In this example, two Capillaries daemon instances suddenly stop working, while two other instances acquire the stalled batches and complete the data processing. Before processing the stalled batches, the live daemons leave warnings in the log file and give those stalled batches another chance until the max_batch_processing_time timeout expires:

"will wait for another 102601ms until 120000ms timeout, some other instance may still be handling this batch"

This is a typical Prometheus view showing statistics from the daemons, Cassandra nodes, and the bastion instance.

CPU consumption:

Memory use:

Obviously, all involved VM instances are still alive - Prometheus continues collecting CPU and memory statistics. It is only the Capillaries daemon that dies, and an OOM (out-of-memory) error is a common cause. There are two common scenarios to investigate.

Go garbage collector kicks in too late

Read about the GOMEMLIMIT and GOGC environment variables. Capillaries daemons may allocate memory aggressively, and these settings can help the Go garbage collector perform more efficiently.

For example, the Capillaries sample deployment scripts set GOGC=100 (the default value) and GOMEMLIMIT=[75% of RAM] to leave some memory available for Python formula calculations. In mission-critical environments, these settings may need to be lowered further.

More information about Go garbage collector settings for Capillaries can be found in the “The Cassandra Dip” section of this post.

Python calculation nodes

When performing Python calculations, the Capillaries daemon invokes multiple instance of the Python interpreter.
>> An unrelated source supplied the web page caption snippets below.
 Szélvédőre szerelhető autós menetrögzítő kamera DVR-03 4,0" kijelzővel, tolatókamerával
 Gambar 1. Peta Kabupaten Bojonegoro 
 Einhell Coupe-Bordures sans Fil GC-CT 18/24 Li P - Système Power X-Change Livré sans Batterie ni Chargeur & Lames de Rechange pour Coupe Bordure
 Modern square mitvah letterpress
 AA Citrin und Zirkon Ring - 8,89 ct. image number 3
The screenshots above were taken from an environment with 8-CPU daemon VM instances, each running 24 worker threads. Therefore, each instance should be able to run up to 24 Python interpreters simultaneously.
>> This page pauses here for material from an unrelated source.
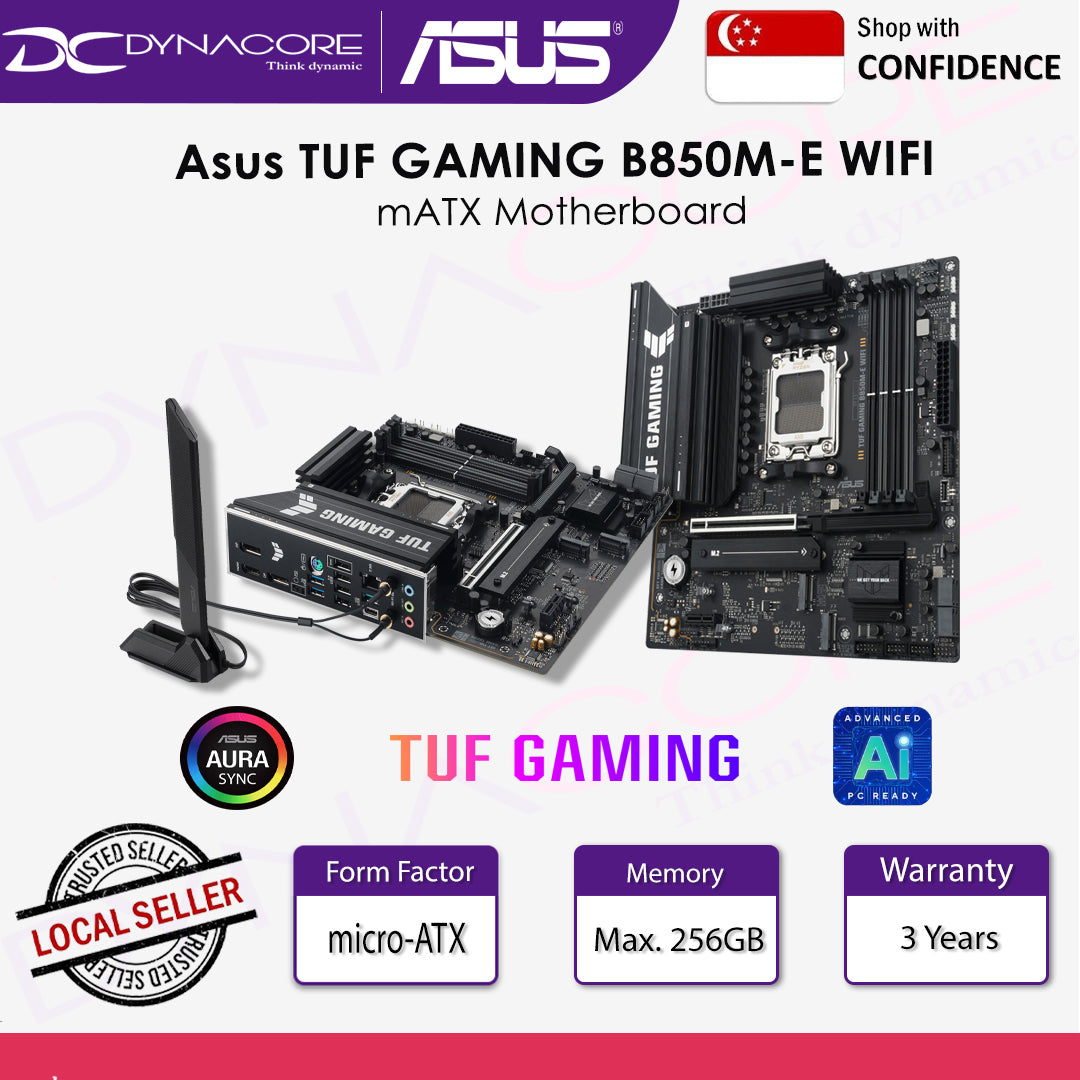 Asus TUF GAMING B850M-E WIFI mATX Motherboard - 4711636068505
This was not a problem while the Capillaries sample deployments used Ubuntu instances up to version 24.04, which ships with Python 3.12 by default. Ubuntu 26.04 introduces Python 3.14, and there are reports that the memory consumption model changed in Python 3.13, causing higher memory usage in some scenarios compared to Python 3.12.

Running

journalctl -k | grep -i "oom"

on the instance with a failed Capillaries daemon shows:

May 18 23:47:07 ip-10-5-0-101 kernel: python3 invoked oom-killer: gfp_mask=0x440dc0(GFP_KERNEL_ACCOUNT|__GFP_ZERO|_>
May 18 23:47:07 ip-10-5-0-101 kernel: CPU: 5 UID: 1000 PID: 2066 Comm: python3 Not tainted 7.0.0-1004-aws #4-Ubuntu>
May 18 23:47:07 ip-10-5-0-101 kernel: Hardware name: Amazon EC2 c7g.2xlarge/, BIOS 1.0 11/1/2018
...
May 18 23:47:07 ip-10-5-0-101 kernel: Out of memory: Killed process 1854 (capidaemon) total-vm:14825832kB, anon-rss>

This basically indicates that both the Python interpreter and the Capillaries daemon were terminated because of an OOM condition.
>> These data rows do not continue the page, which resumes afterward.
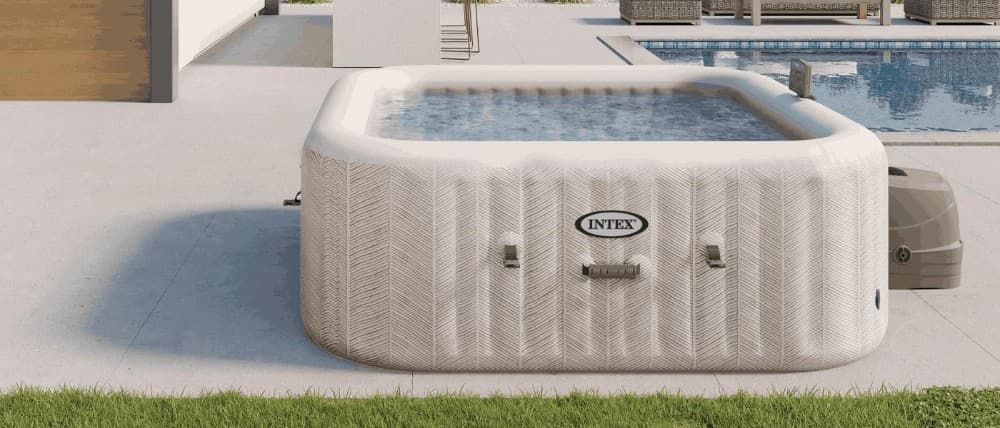 Bazen Intex Spa Chevron Deluxe Square Bubble Akcija v trgovini Pevex
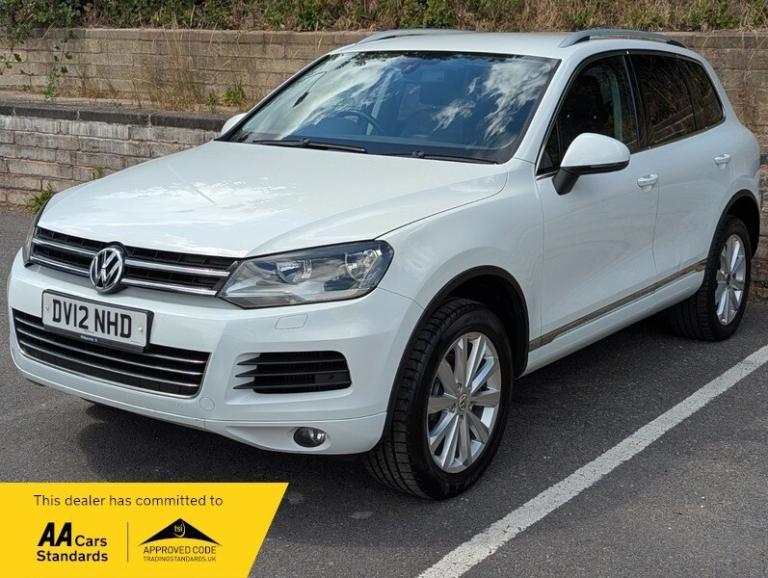 2012 VOLKSWAGEN TOUAREG 3.0 V6 TDI 245 SE B/M TECH AUTO * SAT.NAV * HTD.LEATHER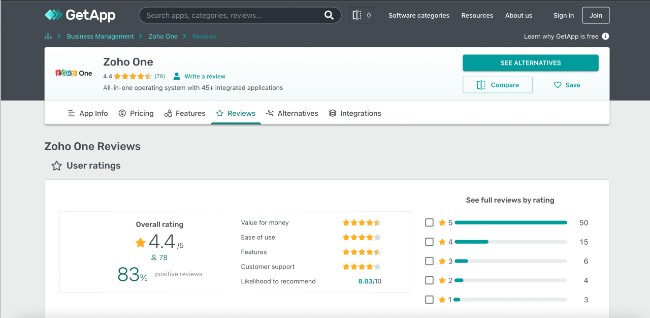 Zoho Reviews and Ratings by GetApp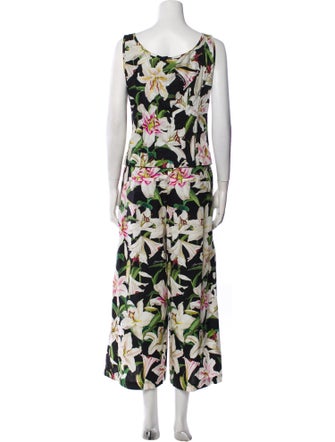 Dolce & Gabbana Floral Print Pant Set
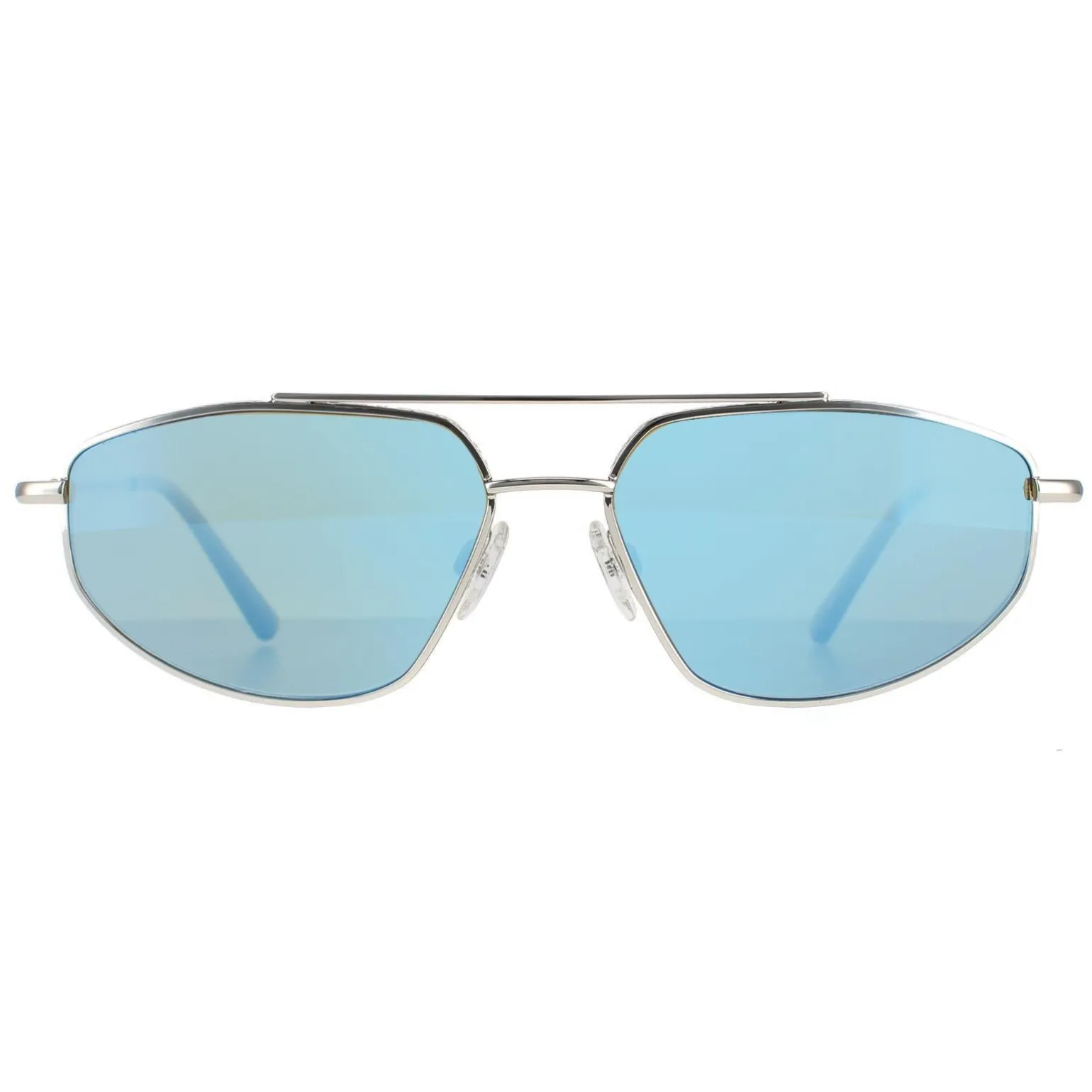 Serengeti Sunglasses Marlon SS539002 Shiny Silver Mineral Polarized 55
The portfolio calculations used in this example should not require a large amount of memory, so the data size itself should not matter significantly. To ensure that each Python interpreter handled only 200 rows at a time instead of the default 1000, I temporarily changed the rowset_size setting from 1000 to 200 in test/data/cfg/portfolio/script_big.json:

"4_calc_account_period_perf": {
    "type": "table_custom_tfm_table",
    "custom_proc_type": "py_calc",
    "desc": "Apply Python-based calculations to account holdings and txns",
    "max_batch_processing_time": 120000,
    "r": {
        "table": "account_period_activity",
        "rowset_size": 1000,
        "expected_batches_total": 500
    },
    ...
}

That did not help - OOM errors continued to occur. Apparently, the problem was the Python runtime itself.

In the latest deploy scripts, Terraform scripts that provision Ubuntu 26.04 Capillaries daemon instances explicitly install Python 3.12 and configure Capillaries daemons to use it via the CAPI_PYCALC_INTERPRETER_PATH environment variable. The OOM errors are gone.